# What you are asked to do
In the records below, find the line with "Success Confirmation With", then retype it and every following line exactly, stopping after the line with "LED Julekæde 10xLED/2xAA/varmhvid". Leave the pictures out.

# Material for this task
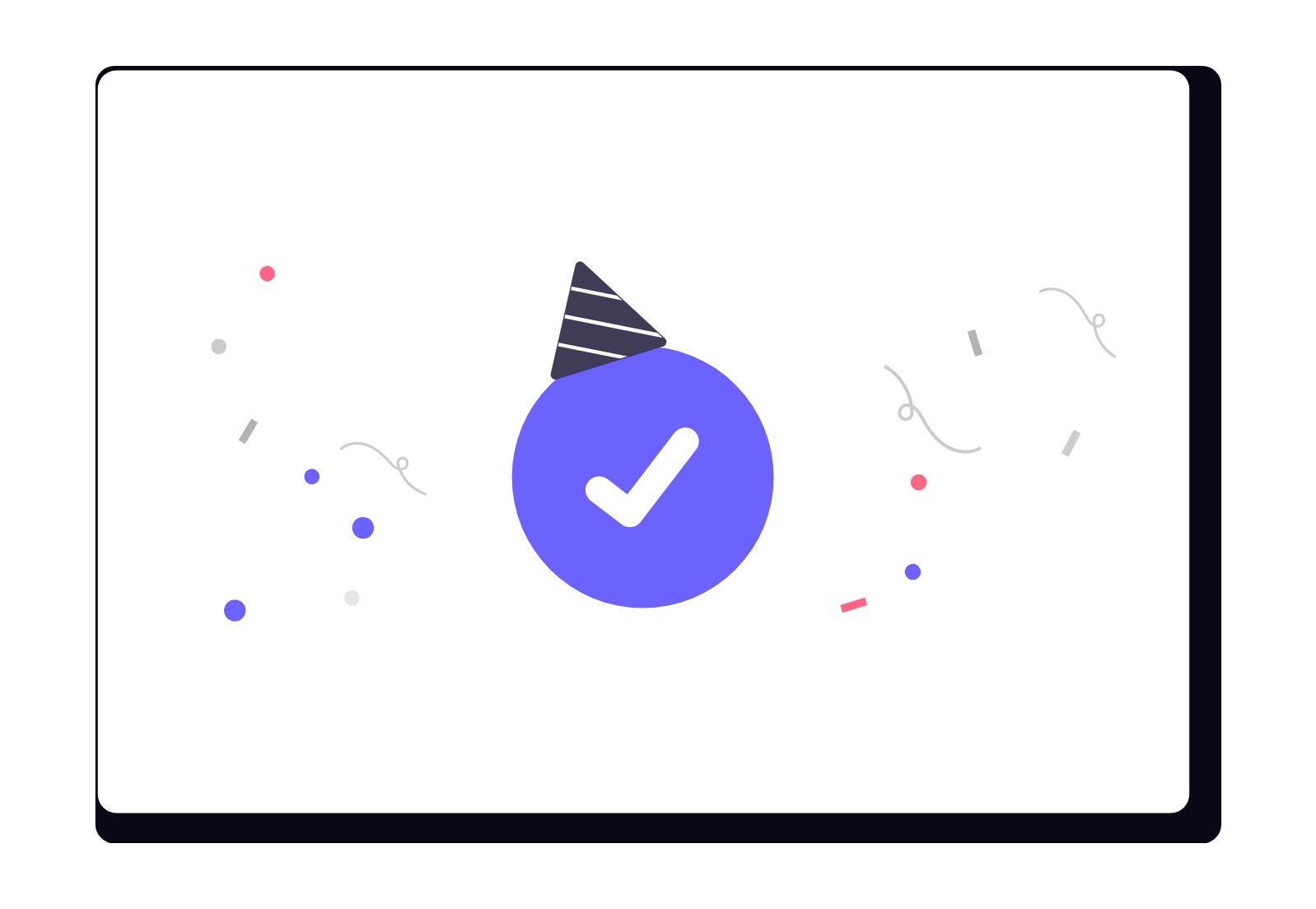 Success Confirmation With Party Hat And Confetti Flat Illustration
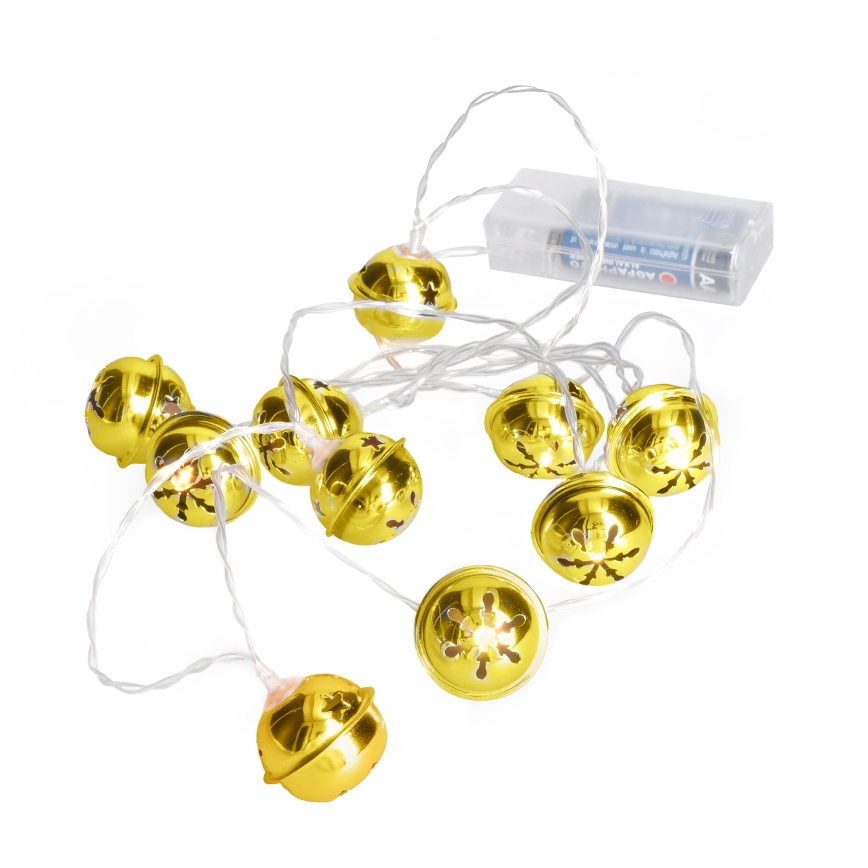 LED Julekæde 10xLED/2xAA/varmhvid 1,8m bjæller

--

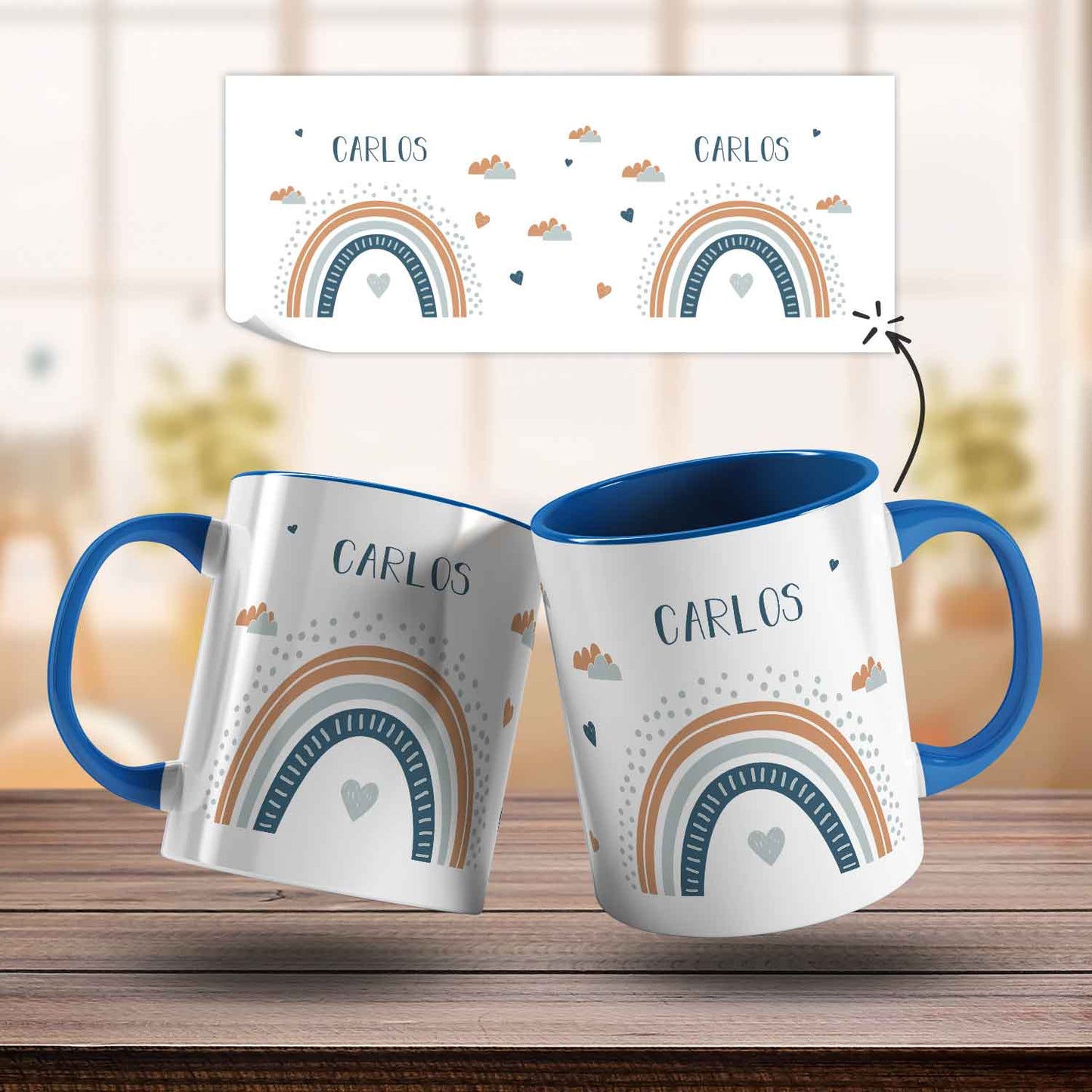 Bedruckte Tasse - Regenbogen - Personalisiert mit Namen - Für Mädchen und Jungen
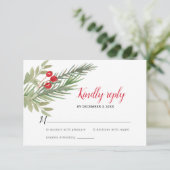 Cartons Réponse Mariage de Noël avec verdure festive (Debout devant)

# Reply
 Success Confirmation With Party Hat And Confetti Flat Illustration
 LED Julekæde 10xLED/2xAA/varmhvid 1,8m bjæller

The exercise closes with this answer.